-- Opening Marker --

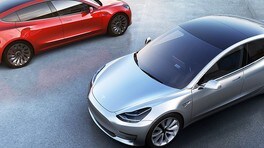 Tesla Model 3, all'inizio si potranno scegliere solo colori e cerchi
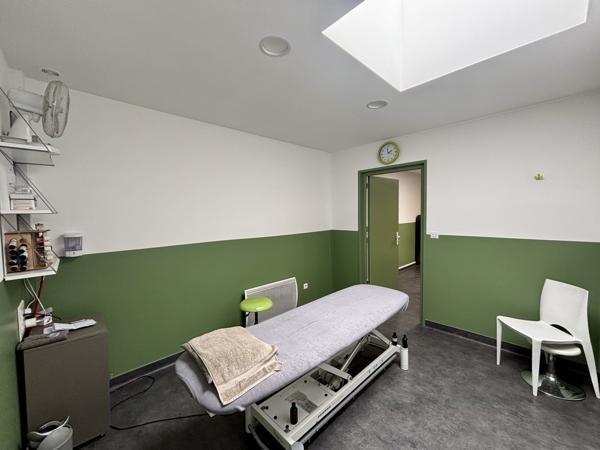 Immeuble
        
        - 221 m² 232 000 € *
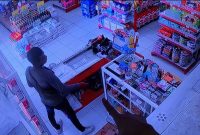 Aksi pencurian dua buah HP milik kasir minimarket di Madiun terekam CCTV.
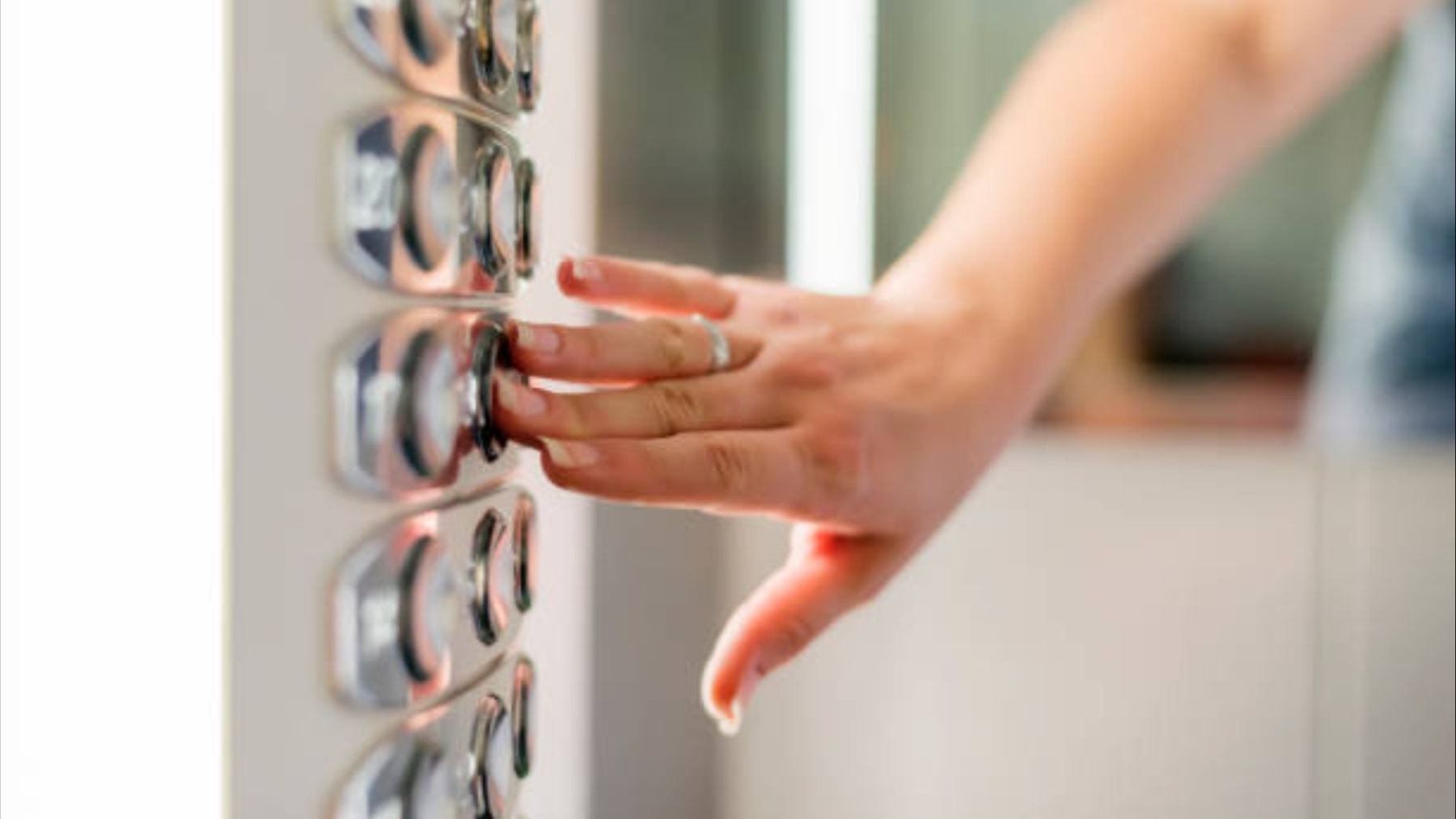 Nueva normativa de ascensores obliga a reformas de 40.000 euros a las comunidades de vecinos: confirmado oficialmente por el BOE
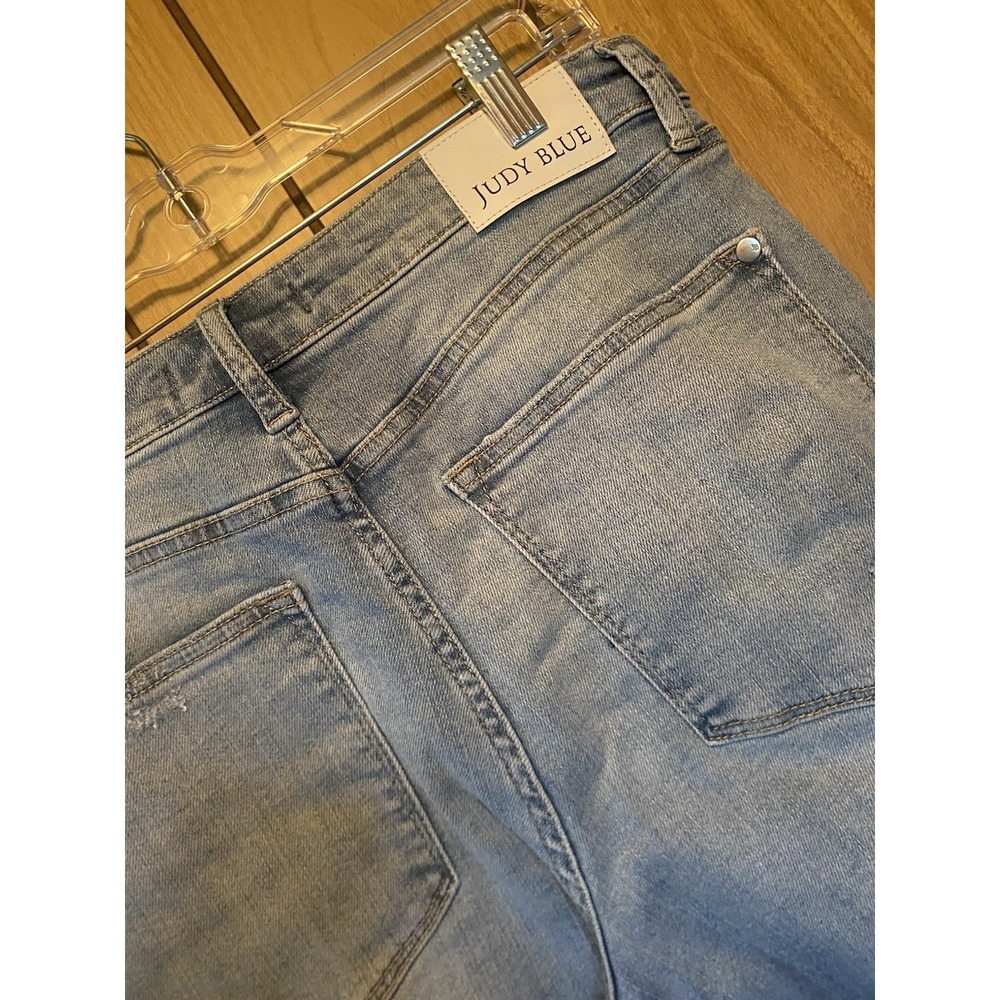 Judy Blue Wide Leg Distressed Jeans Raw Hem Light Wash Women's 11/30 - Picture 8 of 10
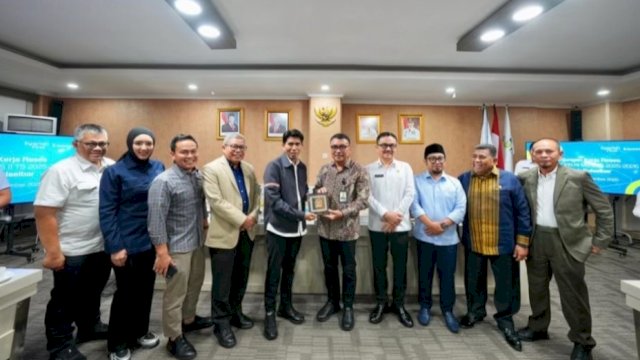 Komisi Ii, semprot dan komisaris serta jajaran direktur Bank sul-sel bar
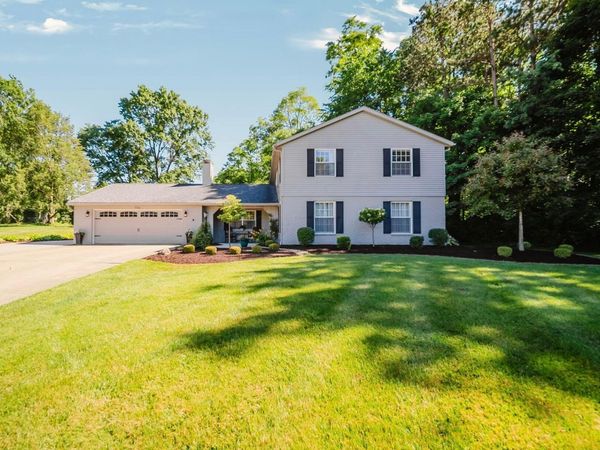 1186 Royal Oak Court, Mansfield, OH 44906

-- Closing Marker --

- ABOUT THIS EXERCISE
Make an exact copy of the records shown above, without the pictures.

- SOLUTION
 Tesla Model 3, all'inizio si potranno scegliere solo colori e cerchi
 Immeuble
        
        - 221 m² 232 000 € *
 Aksi pencurian dua buah HP milik kasir minimarket di Madiun terekam CCTV.
 Nueva normativa de ascensores obliga a reformas de 40.000 euros a las comunidades de vecinos: confirmado oficialmente por el BOE
 Judy Blue Wide Leg Distressed Jeans Raw Hem Light Wash Women's 11/30 - Picture 8 of 10
 Komisi Ii, semprot dan komisaris serta jajaran direktur Bank sul-sel bar
 1186 Royal Oak Court, Mansfield, OH 44906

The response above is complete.